Title: 3.8 L Cougar idling problem
Post by: JeremyB on September 05, 2017, 10:44:56 AM
Quote from: Haystack;462521
My guess is that was a typo for iac, idle air controler.

I had to look it up myself to make sure I wasn't forgetting things. Getting old!
(https://www.nmr.mgh.harvard.edu/~reese/MegaSquirtArticle/CFI%20ISC%202.jpg)
ISC = Idle Speed Control. CFI's method to control idle. It physically moves the throttle blade to adjust airflow. IAC sends air through it and bypasses the throttle blades.

Quote
The tps should sit around 1v at idle and reach 3.5v higher then idle voltage to initiate a full sweep. Everytime the computer is powered on, it checks for idle voltage. Anything between about .67-1.19 volts whould be in range, optimally closer to the middle of those numbers. Check for a constant raised signal until it pegs or reaches at least 3.5v higher then idle voltage. Any dead spots or higher then 5v indicates a bad sensor or possible ground wire.
This...

You didn't indicate what the actual code that was thrown... Have you verified voltage at idle?


Although the 3.8 likes to blow head gaskets, the earlier ones aren't nearly as bad as the latter. Mine made it 226k before blowing.
Title: 3.8 L Cougar idling problem
Post by: Haystack on September 06, 2017, 03:32:37 AM
Quote from: TurboCoupe50;462558
No basically it prevents control of timing advance by ECM, AFAIK everything else functions as normal... Definitely does not activate limp mode... Limp mode sets injector pulse at a fixed state, sooo engine is too rich at idle(usually see wisps of black smoke), too lean cruise, performance is in toilet...

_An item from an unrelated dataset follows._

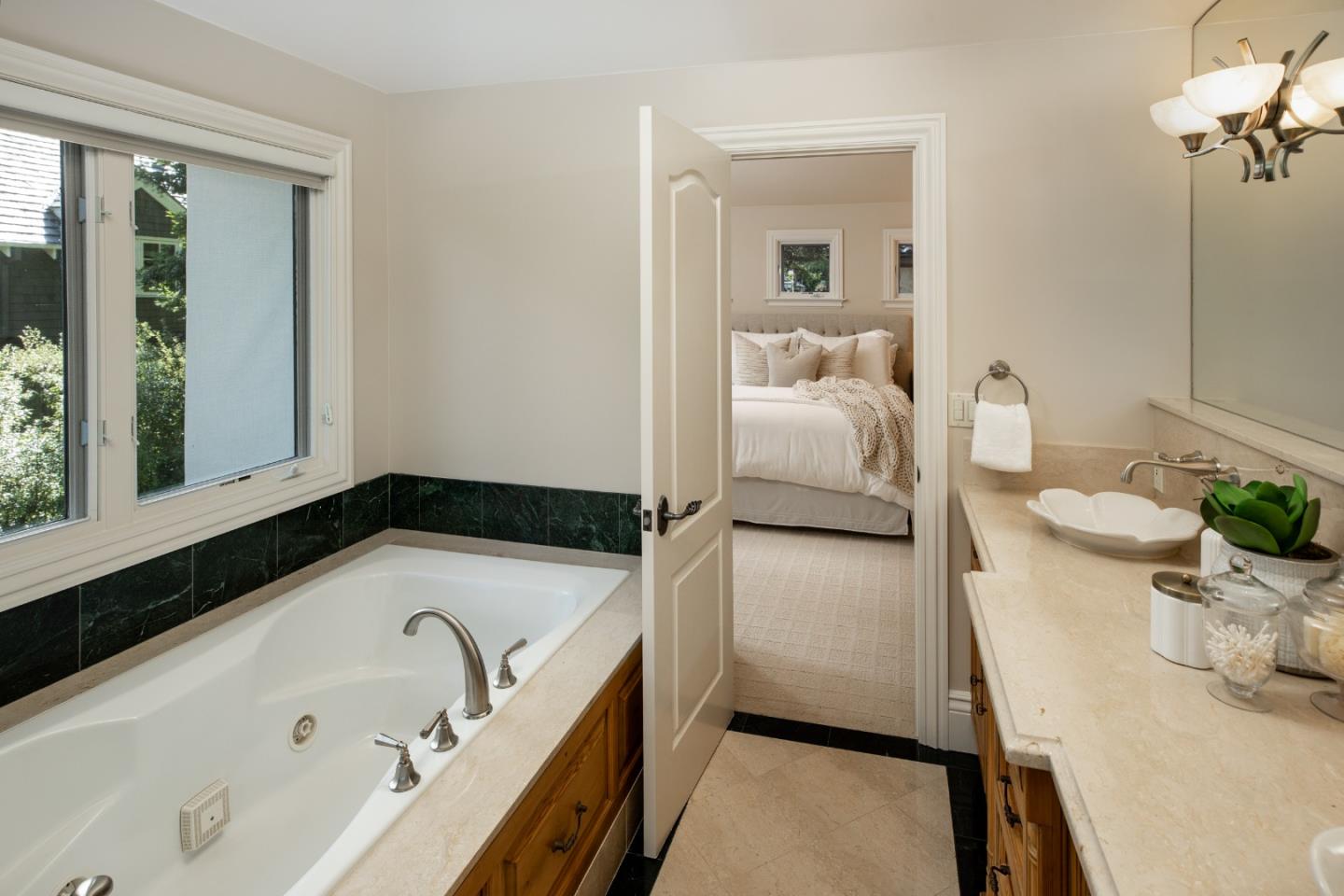 Detail Gallery Image 14 of 28 For 17 Almendral Ave, Atherton,  CA 94027 - 4 Beds | 4/1 Baths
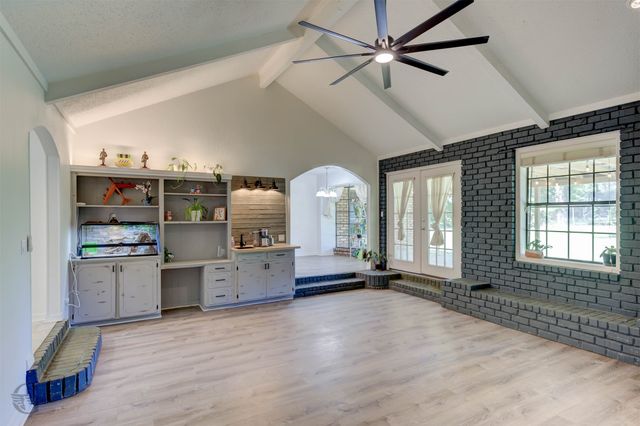 3063 Hayes Drive, Shreveport, LA 71118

Really? Thats interesting, i had problems a few times where the car wouldnt even start but if i pulled the spout it fired right up. I think this was on my 87 tbird with a 302, pulled off the timing chain cover and the timing chain was so loose you could almost touch the chain together inbetween. After i swapped the chain with a cheap double roller that issue went away. That really, really would explain alot.
Title: 3.8 L Cougar idling problem
Post by: softtouch on September 06, 2017, 02:39:16 PM
I would do some more trouble shooting before I would replace anymore parts.
If you are still getting a TPS error code, that needs to be figured out.

List the KOEO codes you get and define whether they are hard codes or memory codes.